### LISTED ENTRIES

━━━━━━━━

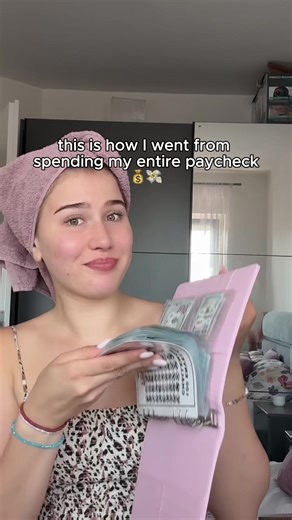 How I Saved $5,000 with a Simple Money Challenge
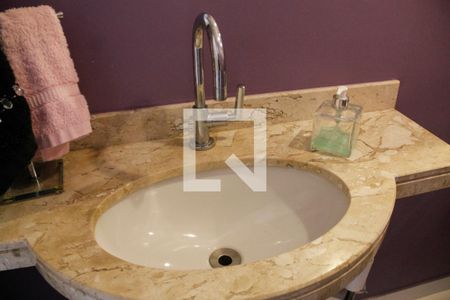 Apartamento à venda com 114m², 3 quartos e 2 vagas Apartamento à venda com 114m², 3 quartos e 2 vagasLavabo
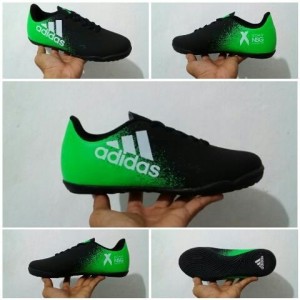 Sepatu Futsal Anak New 3 Tokopedia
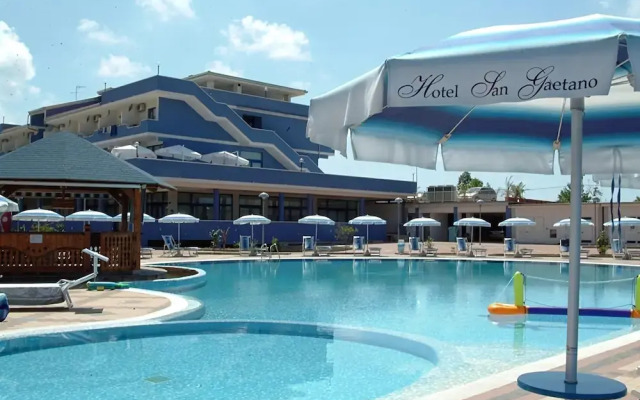 Hotel San Gaetano
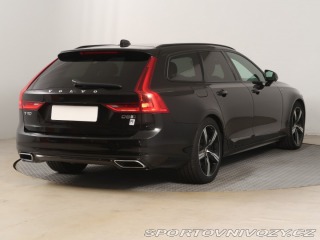 Volvo V90 Summum D5 AWD 2020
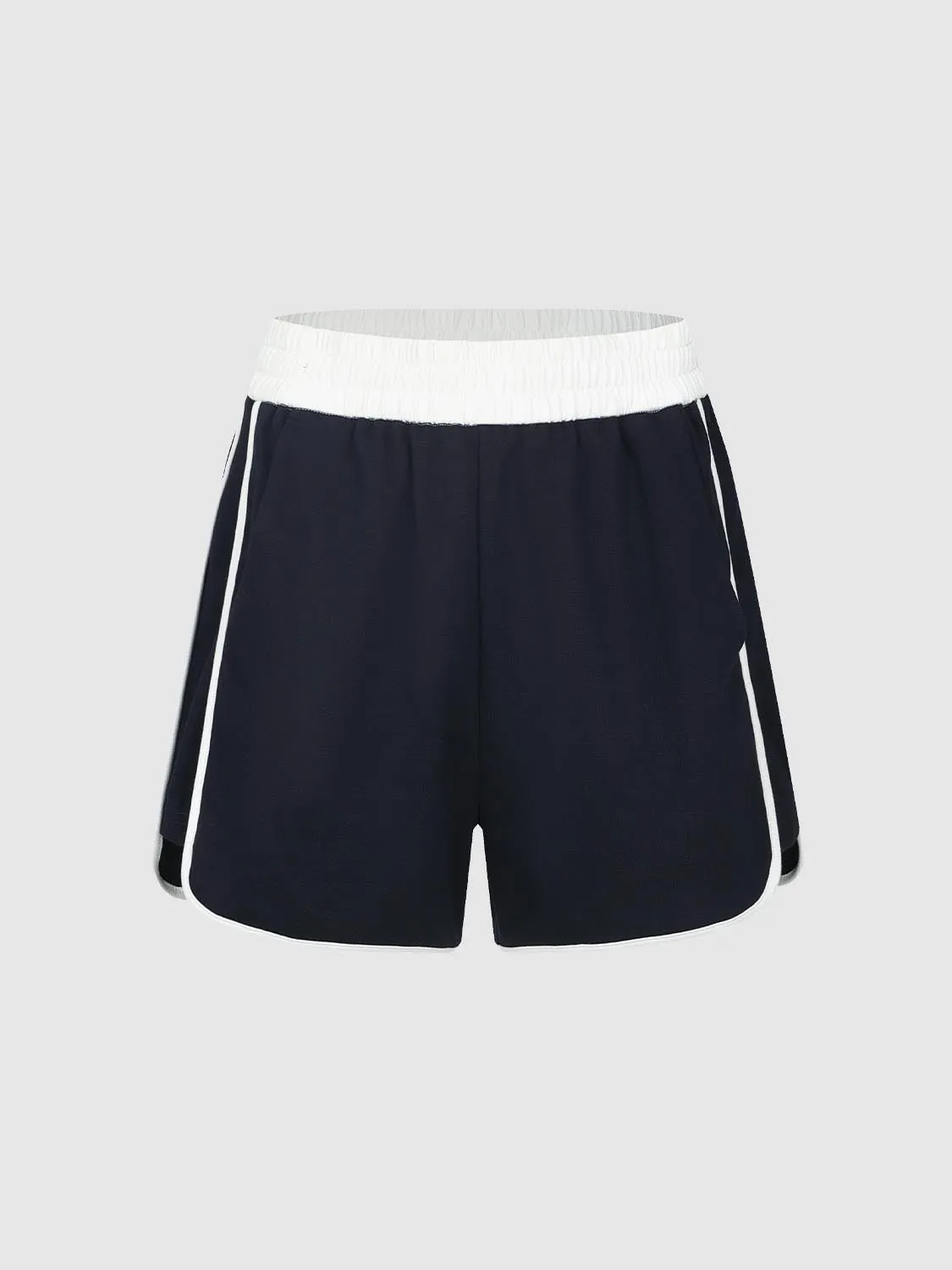 Urban Shorts sold by Urban Revivo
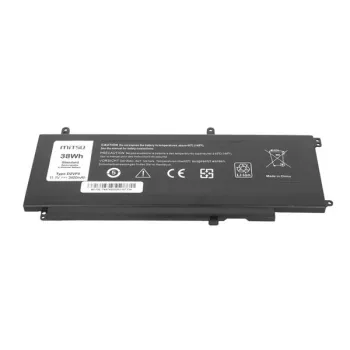Bateria Mitsu do Dell Inspiron 15 (7547), 15 (7548)-859995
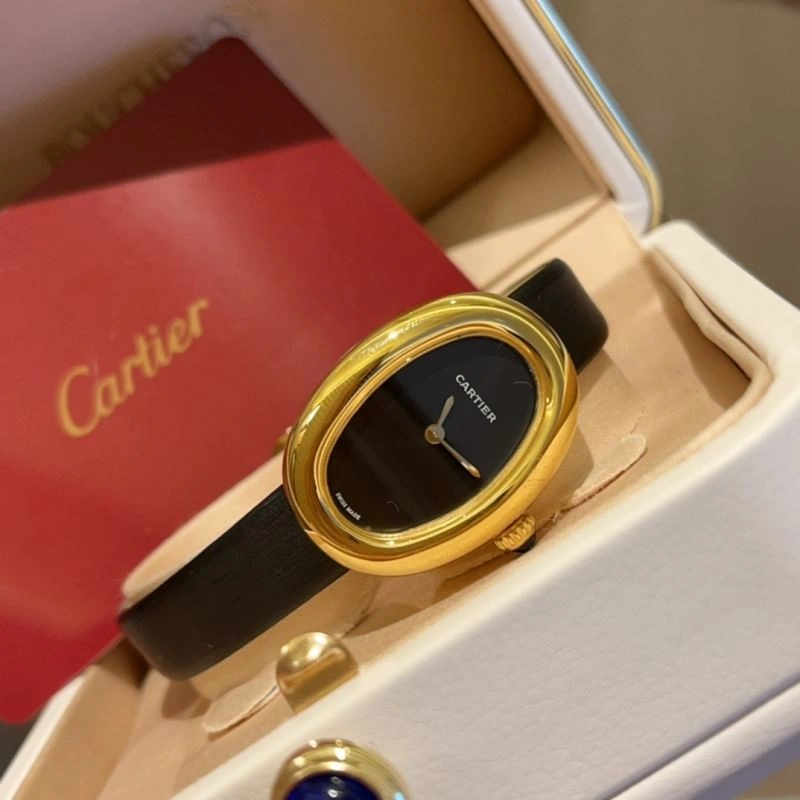 Durable CARTIER Watches 178606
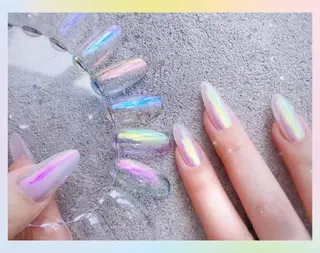 ネイル Sensy ネイル専門店のネイルデザイン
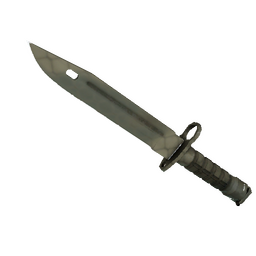 free csgo skin ★ Bayonet | Safari Mesh (Minimal Wear)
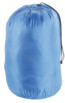 homme adulte dans sac de couchage avec bras jambes capuche semptec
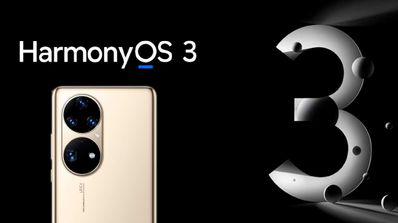 HarmonyOS 3.0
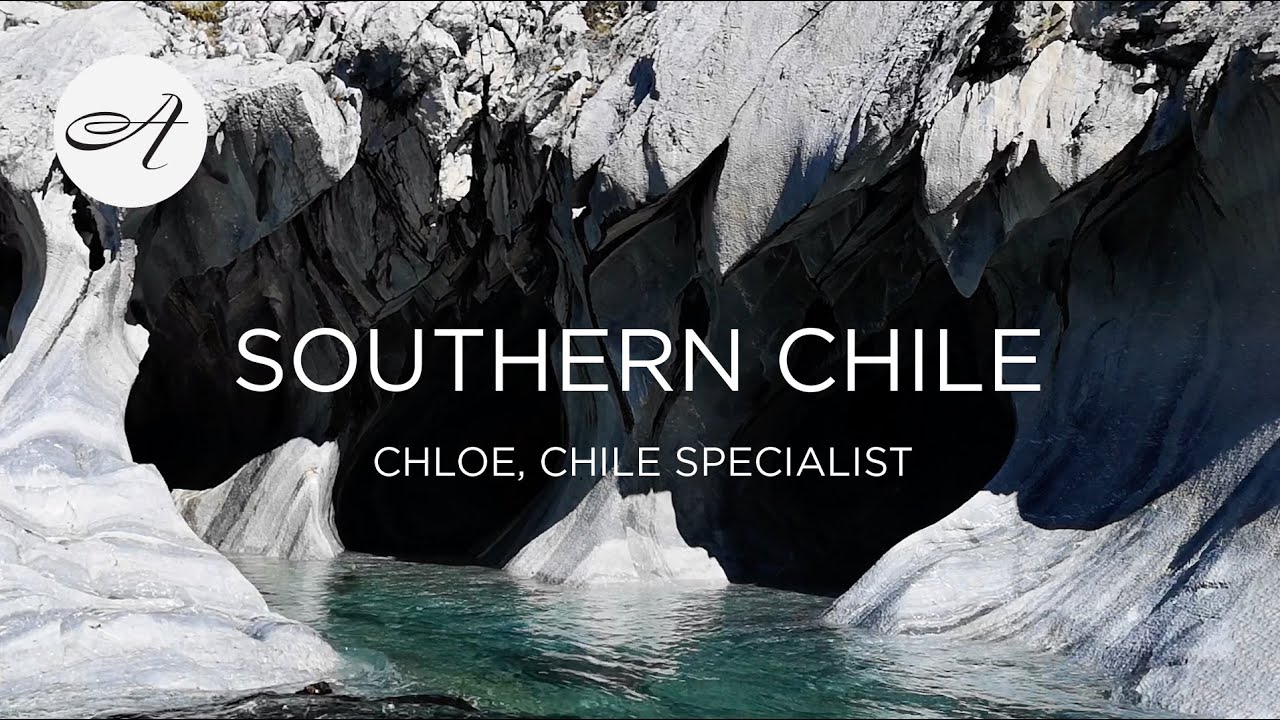 Southern Chile with Audley Travel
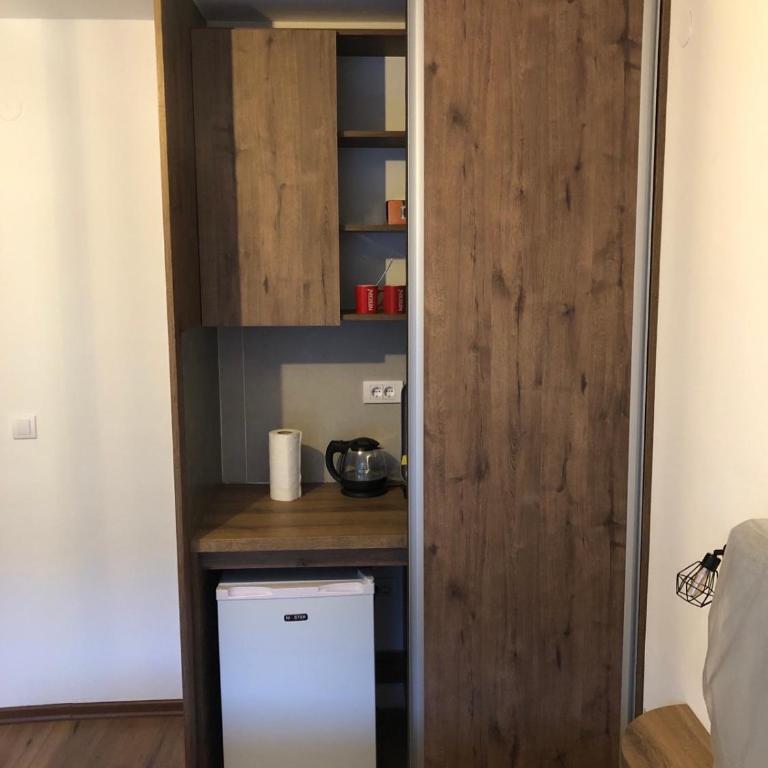 V Apartmani 1 - One-Bedroom Apartment - 10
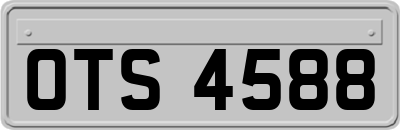 OTS4588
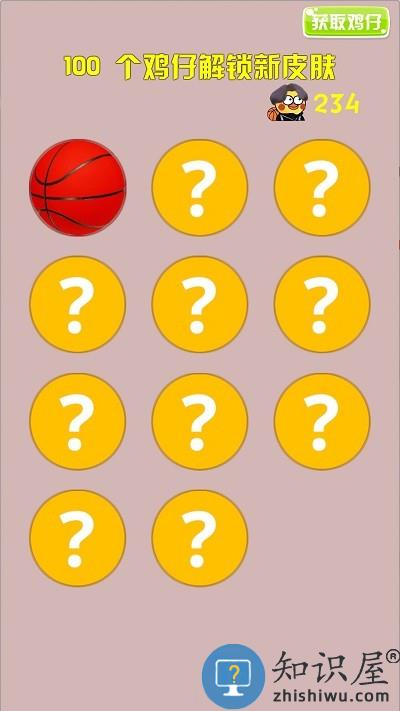 疯狂篮球高手手机版下载v1.0 安卓版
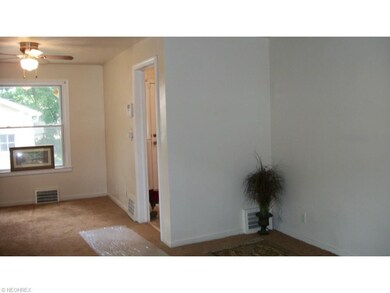 Freshly Painted throughout. New Carpet. New Fixtur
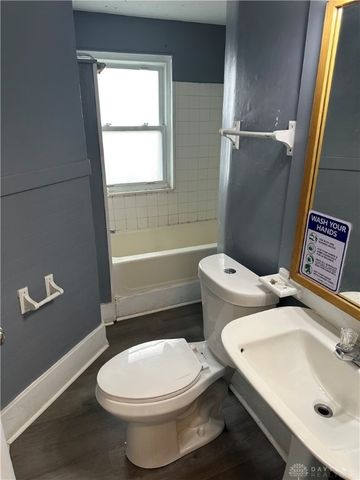 510 W Fairview Avenue, Dayton, OH 45405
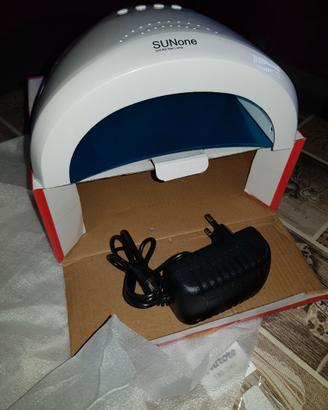 Prodotti per unghie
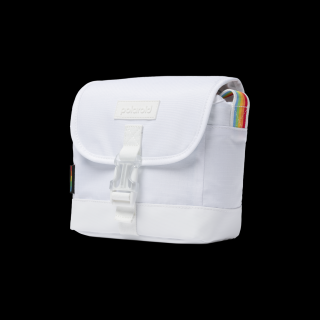 Polaroid Spectrum Box Camera Bag White
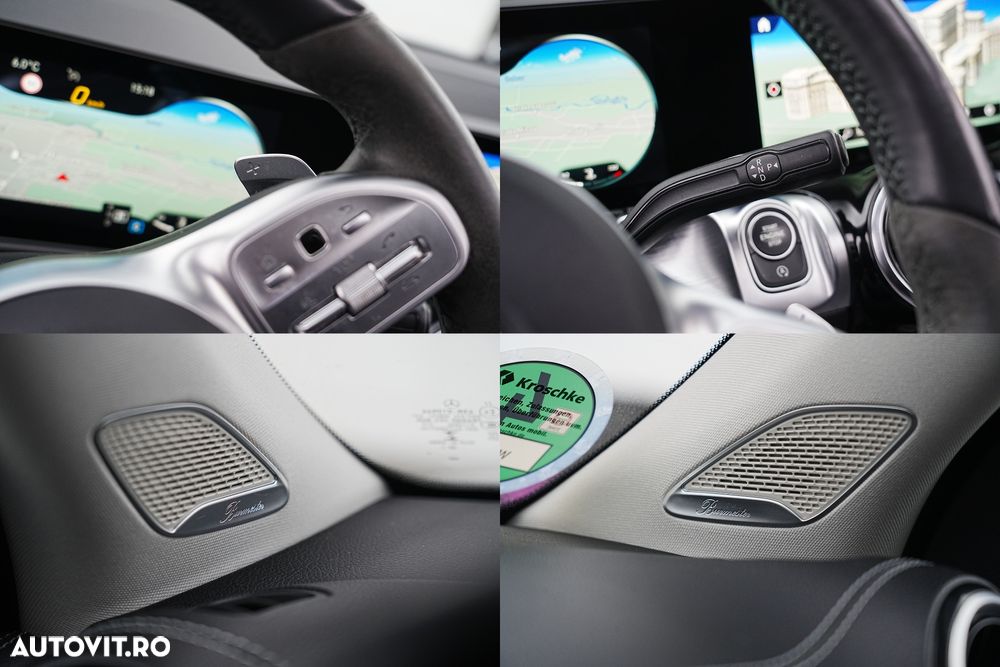 Mercedes-Benz GLB 220 d 4Matic 8G-DCT AMG Line - 7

━━━━━━━━

### YOUR OBJECTIVE
Type out the entries again without a single change, and leave the pictures out.

### WRITTEN ANSWER
 How I Saved $5,000 with a Simple Money Challenge
 Apartamento à venda com 114m², 3 quartos e 2 vagas Apartamento à venda com 114m², 3 quartos e 2 vagasLavabo
 Sepatu Futsal Anak New 3 Tokopedia
 Hotel San Gaetano
 Volvo V90 Summum D5 AWD 2020
 Urban Shorts sold by Urban Revivo
Bateria Mitsu do Dell Inspiron 15 (7547), 15 (7548)-859995
 Durable CARTIER Watches 178606
 ネイル Sensy ネイル専門店のネイルデザイン
 free csgo skin ★ Bayonet | Safari Mesh (Minimal Wear)
 homme adulte dans sac de couchage avec bras jambes capuche semptec
 HarmonyOS 3.0
 Southern Chile with Audley Travel
 V Apartmani 1 - One-Bedroom Apartment - 10
 OTS4588
 疯狂篮球高手手机版下载v1.0 安卓版
 Freshly Painted throughout. New Carpet. New Fixtur
 510 W Fairview Avenue, Dayton, OH 45405
 Prodotti per unghie
 Polaroid Spectrum Box Camera Bag White
 Mercedes-Benz GLB 220 d 4Matic 8G-DCT AMG Line - 7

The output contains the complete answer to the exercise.